Mandatory use of the Item Assets Extension

The tooling that reads a STAC Catalog and produces STAC/Zarr outputs expects the input STAC Catalog to contain a STAC Collection with the Item Assets extension defined.

The item_assets definitions are used as the authoritative source for deriving the measurements written to the output Zarr store (native Zarr v3 or Zarr v2 following EOPF conventions).

Note: Collections without item_assets are considered invalid inputs for this tool.

Why item_assets is required

The conversion process produces a Zarr layout of the form:

data.zarr/
└── measurements/
    ├── <measurement-1>/
    ├── <measurement-2>/
    └── ...

Each Zarr measurement group is derived from a corresponding Item Asset definition in the Collection.

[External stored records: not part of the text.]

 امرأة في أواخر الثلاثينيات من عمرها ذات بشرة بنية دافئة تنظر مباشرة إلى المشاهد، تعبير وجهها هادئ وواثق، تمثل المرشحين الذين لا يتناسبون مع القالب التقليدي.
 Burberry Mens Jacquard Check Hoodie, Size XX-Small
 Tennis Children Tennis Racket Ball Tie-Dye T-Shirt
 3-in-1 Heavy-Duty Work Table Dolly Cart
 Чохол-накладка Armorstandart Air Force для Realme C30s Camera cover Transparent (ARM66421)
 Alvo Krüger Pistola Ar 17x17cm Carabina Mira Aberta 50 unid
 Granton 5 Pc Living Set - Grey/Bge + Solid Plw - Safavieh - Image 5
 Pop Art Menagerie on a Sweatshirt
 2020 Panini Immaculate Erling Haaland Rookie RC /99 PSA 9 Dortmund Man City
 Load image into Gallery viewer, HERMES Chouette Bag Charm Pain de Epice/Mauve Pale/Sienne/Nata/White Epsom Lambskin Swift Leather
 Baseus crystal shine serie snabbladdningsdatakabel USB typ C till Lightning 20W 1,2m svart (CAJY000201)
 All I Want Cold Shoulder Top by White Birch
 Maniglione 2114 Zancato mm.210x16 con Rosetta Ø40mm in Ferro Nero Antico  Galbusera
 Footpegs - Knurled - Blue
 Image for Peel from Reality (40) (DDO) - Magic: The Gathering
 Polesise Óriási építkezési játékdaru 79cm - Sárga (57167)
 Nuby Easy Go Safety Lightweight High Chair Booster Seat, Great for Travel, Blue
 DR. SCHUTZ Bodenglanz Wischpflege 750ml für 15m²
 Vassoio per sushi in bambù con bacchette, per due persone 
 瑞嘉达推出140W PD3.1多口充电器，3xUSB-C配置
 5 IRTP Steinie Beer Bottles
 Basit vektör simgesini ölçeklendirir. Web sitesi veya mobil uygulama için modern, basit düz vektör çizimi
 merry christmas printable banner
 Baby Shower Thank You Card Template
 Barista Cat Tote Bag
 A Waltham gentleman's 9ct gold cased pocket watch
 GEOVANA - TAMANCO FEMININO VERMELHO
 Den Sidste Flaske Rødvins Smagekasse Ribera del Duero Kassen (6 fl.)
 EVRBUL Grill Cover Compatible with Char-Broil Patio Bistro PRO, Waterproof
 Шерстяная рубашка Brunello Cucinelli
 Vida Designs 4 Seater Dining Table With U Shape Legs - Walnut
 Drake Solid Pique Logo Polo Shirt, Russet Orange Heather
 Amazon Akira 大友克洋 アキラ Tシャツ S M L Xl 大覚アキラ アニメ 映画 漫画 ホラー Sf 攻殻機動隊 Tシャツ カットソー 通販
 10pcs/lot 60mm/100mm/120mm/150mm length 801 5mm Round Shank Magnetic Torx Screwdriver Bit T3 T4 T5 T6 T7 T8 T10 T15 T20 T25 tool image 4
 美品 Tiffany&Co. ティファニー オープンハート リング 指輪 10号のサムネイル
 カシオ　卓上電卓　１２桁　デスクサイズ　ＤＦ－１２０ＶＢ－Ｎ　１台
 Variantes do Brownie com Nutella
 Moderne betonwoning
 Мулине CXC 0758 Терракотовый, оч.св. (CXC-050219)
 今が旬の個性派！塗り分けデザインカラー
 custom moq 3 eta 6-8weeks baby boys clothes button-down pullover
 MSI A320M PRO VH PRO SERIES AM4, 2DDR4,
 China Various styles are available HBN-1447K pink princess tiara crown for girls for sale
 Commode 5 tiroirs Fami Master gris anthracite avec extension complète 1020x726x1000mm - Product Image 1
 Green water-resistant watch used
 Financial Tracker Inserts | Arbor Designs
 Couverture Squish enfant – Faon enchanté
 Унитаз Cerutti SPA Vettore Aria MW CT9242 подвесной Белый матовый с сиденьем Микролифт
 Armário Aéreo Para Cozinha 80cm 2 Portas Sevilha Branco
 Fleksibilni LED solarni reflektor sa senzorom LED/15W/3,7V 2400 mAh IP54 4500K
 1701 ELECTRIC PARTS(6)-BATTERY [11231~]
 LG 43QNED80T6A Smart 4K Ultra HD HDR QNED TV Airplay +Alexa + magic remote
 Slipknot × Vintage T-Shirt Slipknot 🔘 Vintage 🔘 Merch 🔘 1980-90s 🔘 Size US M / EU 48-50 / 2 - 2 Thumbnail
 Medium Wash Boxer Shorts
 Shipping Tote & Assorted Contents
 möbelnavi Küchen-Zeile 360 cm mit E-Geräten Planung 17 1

The Item Assets extension provides:

The canonical list of measurements to materialize
Stable measurement identifiers (asset keys)
Semantic metadata (title, description, roles)
Media type and band definitions

This avoids relying on:

implicit inspection of Items
asset presence heuristics
dataset-specific assumptions

Expected Collection structure

The input STAC Collection MUST:

Declare the Item Assets extension
Define an item_assets object
Include one entry per measurement to be written

Minimal example:

{
  "type": "Collection",
  "stac_version": "1.1.0",

  "stac_extensions": [
    "https://stac-extensions.github.io/item-assets/v1.0.0/schema.json"
  ],

  "item_assets": {
    "water-bodies": {
      "title": "Water Bodies",
      "description": "Water bodies classification",
      "roles": ["data"],
      "type": "application/vnd.zarr; version=3",
      "bands": [
        {
          "name": "water-bodies",
          "description": "Water bodies classification"
        }
      ]
    },
    "water-bodies-confidence": {
      "title": "Water Bodies Confidence",
      "description": "Confidence of water bodies detection",
      "roles": ["data"],
      "type": "application/vnd.zarr; version=3"
    }
  }
}

How item_assets is used by the tool

For each entry in collection.item_assets:

Item Assets field	Usage in Zarr output
Asset key	Name of the Zarr measurement group
`title`	Zarr group attribute (`title`)
`description`	Zarr group attribute (`description`)
`bands`	Variables created under the measurement group
`roles`	Informational (not mapped to storage layout)
`type`	Validation of expected data model

The tool does not infer measurements from Items. Only measurements explicitly declared in item_assets are materialized.

Relationship with Items

Items are used only as a source of data
Items MAY contain additional assets
Assets not declared in item_assets are ignored

This allows:

heterogeneous Items
sparse or partial Item coverage
future Item evolution without breaking the Zarr layout

Validation behavior

If any of the following conditions are met, the tool fails fast:

item_assets is missing
an Item Asset key is not found in at least one Item
required band variables cannot be resolved

This ensures the output Zarr store is:

deterministic
schema-driven
reproducible
aligned with the STAC Zarr Best Practices

Rationale (design choice)

Using item_assets as the measurement contract:

aligns with STAC best practices
avoids Item-level duplication
supports Collection-only data models
cleanly maps to EOPF measurements/* layout
works equally well for native and virtual Zarr stores

This approach treats the STAC Collection as the data model and Items as data carriers, which is consistent with datacube-oriented workflows.